=== Begin Enclosure ===

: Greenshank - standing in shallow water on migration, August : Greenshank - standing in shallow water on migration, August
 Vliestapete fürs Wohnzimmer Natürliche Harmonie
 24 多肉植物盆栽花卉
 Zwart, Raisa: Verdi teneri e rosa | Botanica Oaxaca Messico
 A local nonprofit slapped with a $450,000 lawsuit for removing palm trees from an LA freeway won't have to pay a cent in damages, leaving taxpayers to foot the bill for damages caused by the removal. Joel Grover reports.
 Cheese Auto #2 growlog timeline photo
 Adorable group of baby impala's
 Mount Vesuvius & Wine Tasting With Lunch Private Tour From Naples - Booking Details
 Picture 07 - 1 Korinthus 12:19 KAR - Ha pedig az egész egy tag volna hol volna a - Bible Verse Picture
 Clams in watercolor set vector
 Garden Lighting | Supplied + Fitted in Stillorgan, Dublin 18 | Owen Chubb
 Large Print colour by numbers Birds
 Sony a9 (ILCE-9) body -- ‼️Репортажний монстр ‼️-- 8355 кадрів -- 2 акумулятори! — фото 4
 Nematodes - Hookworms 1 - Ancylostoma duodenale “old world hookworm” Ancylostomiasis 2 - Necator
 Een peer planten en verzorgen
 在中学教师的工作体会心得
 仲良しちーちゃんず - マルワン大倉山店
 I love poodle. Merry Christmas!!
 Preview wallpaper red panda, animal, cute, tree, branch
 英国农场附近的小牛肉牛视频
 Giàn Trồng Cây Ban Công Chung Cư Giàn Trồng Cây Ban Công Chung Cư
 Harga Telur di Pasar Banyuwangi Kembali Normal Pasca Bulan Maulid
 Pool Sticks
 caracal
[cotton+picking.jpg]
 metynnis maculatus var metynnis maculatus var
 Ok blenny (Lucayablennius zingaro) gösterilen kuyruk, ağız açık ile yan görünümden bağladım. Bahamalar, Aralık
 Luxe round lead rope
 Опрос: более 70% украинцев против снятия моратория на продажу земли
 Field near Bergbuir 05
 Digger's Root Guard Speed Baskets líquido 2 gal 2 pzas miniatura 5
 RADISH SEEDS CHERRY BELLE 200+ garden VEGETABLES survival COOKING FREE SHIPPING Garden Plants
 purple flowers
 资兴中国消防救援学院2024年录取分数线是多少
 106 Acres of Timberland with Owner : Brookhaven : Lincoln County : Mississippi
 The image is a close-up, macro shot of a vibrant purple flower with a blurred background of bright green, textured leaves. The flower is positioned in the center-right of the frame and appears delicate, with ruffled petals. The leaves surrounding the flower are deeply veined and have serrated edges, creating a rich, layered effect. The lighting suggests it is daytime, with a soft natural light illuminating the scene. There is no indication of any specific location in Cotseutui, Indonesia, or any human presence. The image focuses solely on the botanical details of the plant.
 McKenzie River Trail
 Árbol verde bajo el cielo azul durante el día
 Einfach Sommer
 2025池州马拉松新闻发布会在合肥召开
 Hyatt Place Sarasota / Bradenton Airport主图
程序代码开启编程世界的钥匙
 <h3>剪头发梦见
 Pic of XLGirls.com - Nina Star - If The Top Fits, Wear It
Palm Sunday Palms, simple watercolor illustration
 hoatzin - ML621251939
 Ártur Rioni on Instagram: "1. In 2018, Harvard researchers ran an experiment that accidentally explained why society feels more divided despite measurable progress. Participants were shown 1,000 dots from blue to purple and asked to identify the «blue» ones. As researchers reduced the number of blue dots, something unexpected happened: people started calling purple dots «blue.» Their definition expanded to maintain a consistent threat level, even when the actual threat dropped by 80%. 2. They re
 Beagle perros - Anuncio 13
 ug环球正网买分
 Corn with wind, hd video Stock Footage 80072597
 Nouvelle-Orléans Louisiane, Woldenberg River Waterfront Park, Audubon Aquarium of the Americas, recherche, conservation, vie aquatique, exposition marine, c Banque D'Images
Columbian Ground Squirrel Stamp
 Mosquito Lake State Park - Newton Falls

=== End Enclosure ===

● **Problem to solve**
Where does the string "watercolor" occur in the material? Copy every line where it does.

● **Solution**
 Clams in watercolor set vector
Palm Sunday Palms, simple watercolor illustration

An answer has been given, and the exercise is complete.